WORK ORDER
What is needed is an exact copy of the lines in the entries below from the one holding "50 ml, Neutrogena" through the one holding "Photo 1 sur", pictures excluded.

GIVEN RECORDS
%%
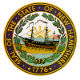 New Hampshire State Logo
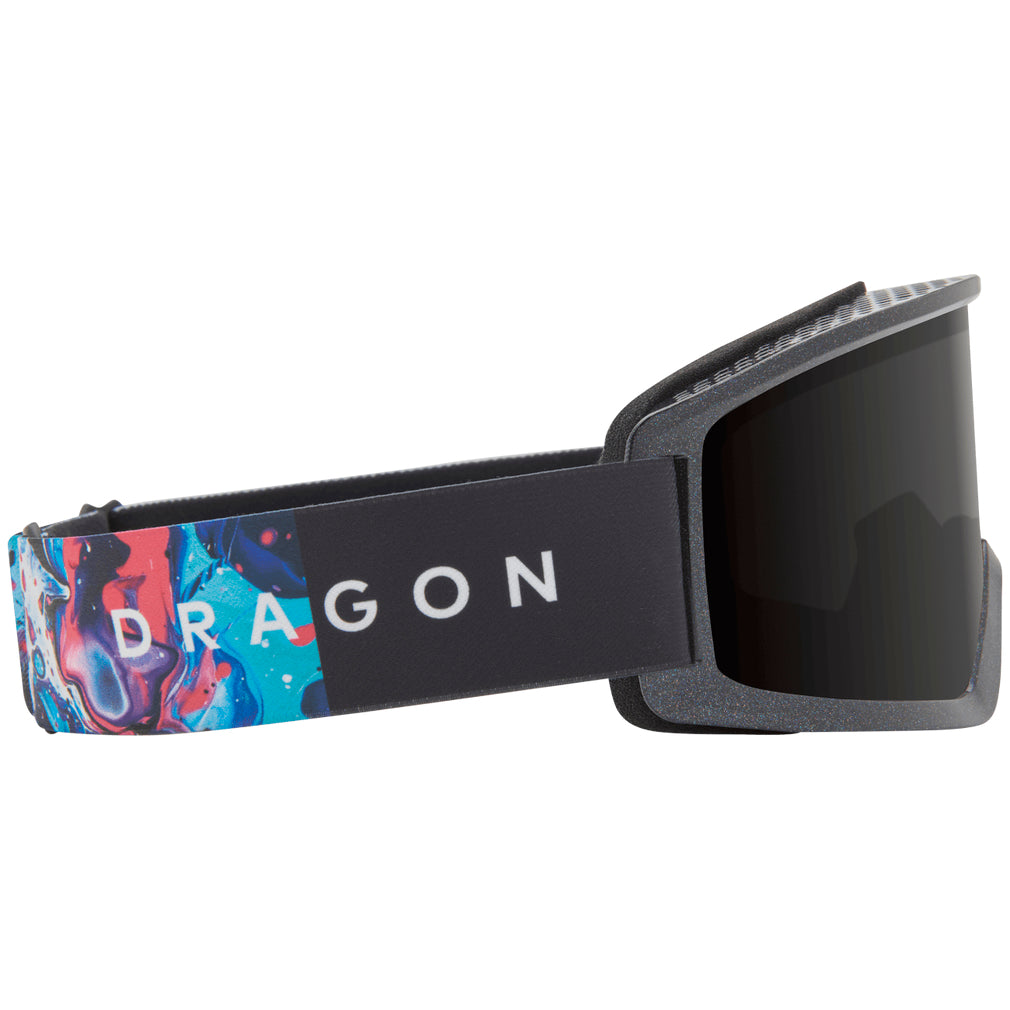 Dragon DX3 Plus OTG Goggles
%%
%%
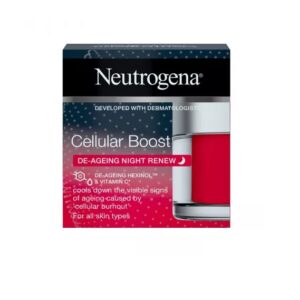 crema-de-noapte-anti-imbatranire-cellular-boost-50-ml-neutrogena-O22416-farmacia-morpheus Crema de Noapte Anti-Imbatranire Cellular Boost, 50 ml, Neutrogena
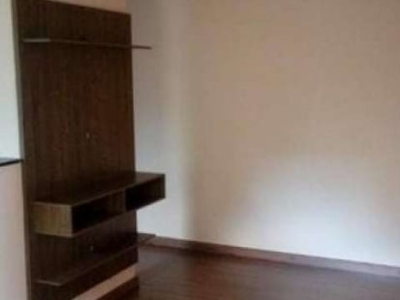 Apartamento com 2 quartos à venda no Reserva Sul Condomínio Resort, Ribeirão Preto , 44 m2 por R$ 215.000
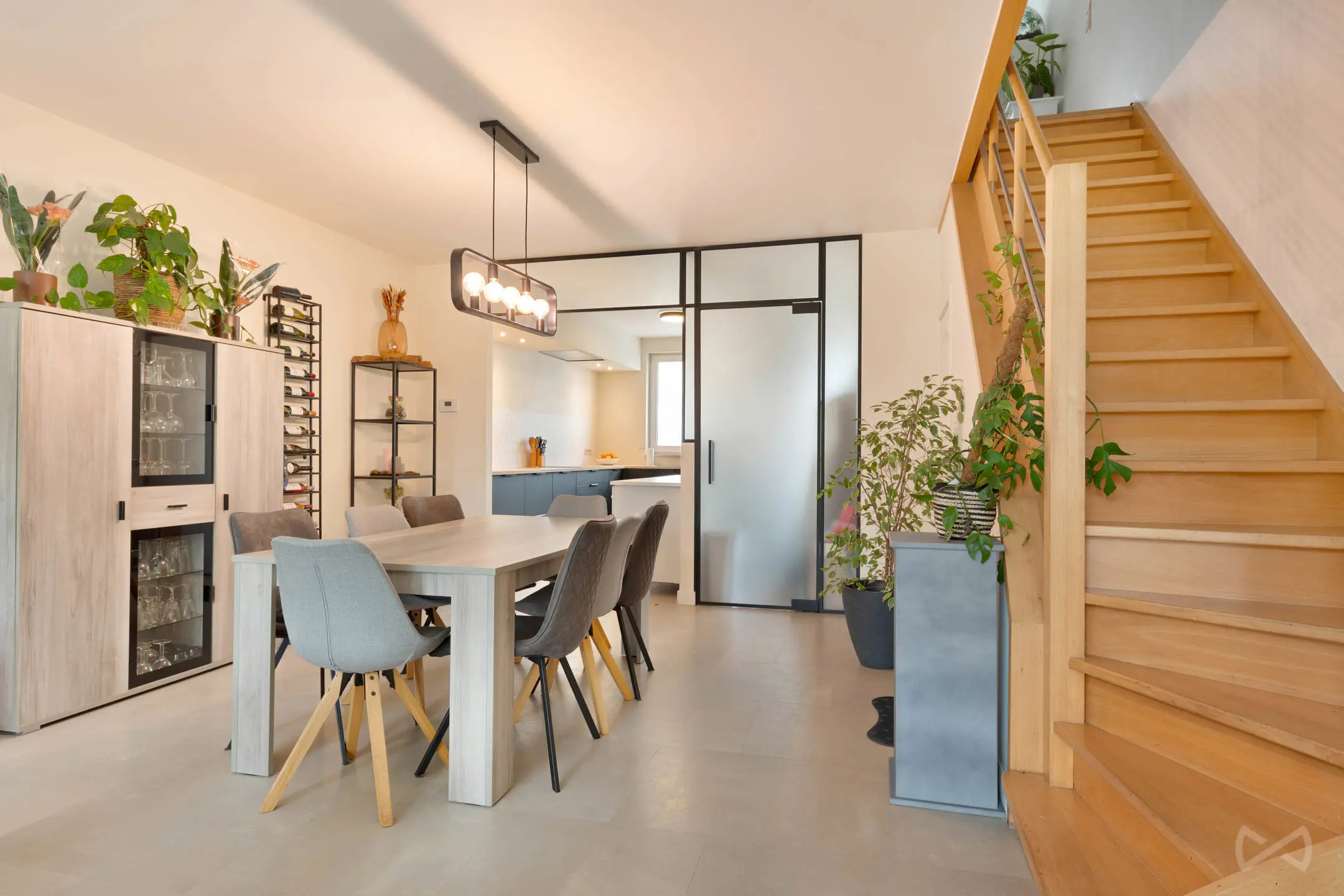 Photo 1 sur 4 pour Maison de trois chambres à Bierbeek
%%
%%
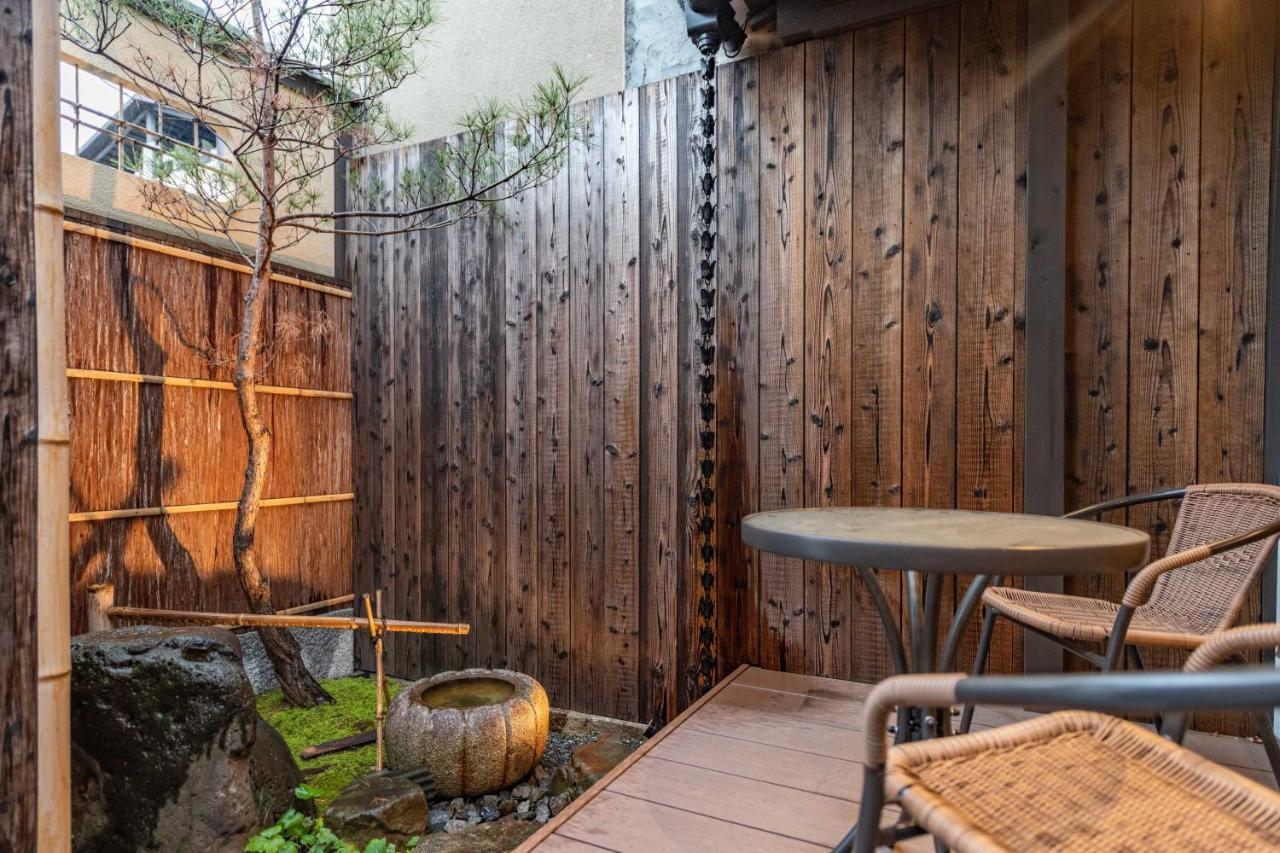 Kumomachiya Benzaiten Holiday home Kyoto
%%
WRITTEN RESPONSE
 crema-de-noapte-anti-imbatranire-cellular-boost-50-ml-neutrogena-O22416-farmacia-morpheus Crema de Noapte Anti-Imbatranire Cellular Boost, 50 ml, Neutrogena
 Apartamento com 2 quartos à venda no Reserva Sul Condomínio Resort, Ribeirão Preto , 44 m2 por R$ 215.000
 Photo 1 sur 4 pour Maison de trois chambres à Bierbeek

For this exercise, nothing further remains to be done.